Julie Henderson – The Hum Book (2003)
Over the last twenty-eight years, I have been lucky enough to meet and study with a number of extraordinary teachers, both Western scientists and Tibetan lamas. Most of my Tibetan teachers are from the Nyingma and Drukpa Kargyu lineages of Tibetan Buddhism, which are called the “practice lineages”. They come at learning quite differently than we usually do in the West. They prefer not to explain things to you before you practice them. Instead of telling you in advance what you can expect, what the exercise is for, and what effects you should look for, they will instead give you one initial bit of instruction, often quite cryptic(1). Then they will say, “Go away and do that, come back in a month or so and tell me what you notice.” When you come back-always assuming you do-they give you the next piece of the puzzle. The piece they give you depends on what you have experienced in the intervening time and how you have understood it. This is called learning through practice rather than by conceptualization or analysis.
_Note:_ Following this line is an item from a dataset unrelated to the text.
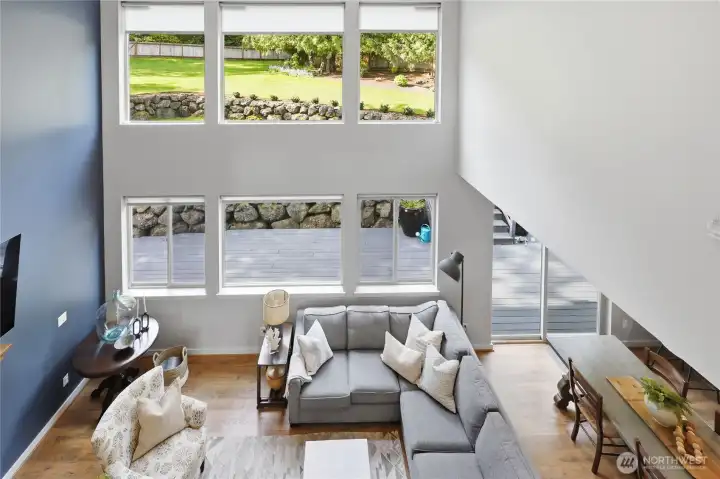 View of the greatroom, windows and yard from the loft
Zapchen is also a practice lineage in its own odd way, and I recommend that you hum without expectation and notice what happens.
If you care to try humming before you go any further in the book, then you can come and go from your own direct experience of humming to this information, in whatever ways help you to easy, confident humming.
To get started, find for yourself a place you feel safe. Get comfortable, then get more comfortable. Make a soft, unpushed hum that goes more inside than outside. Let it flow down through your body easily and without effort. Rest some, then later hum some more and notice what happens to your experience of yourself and of being(2).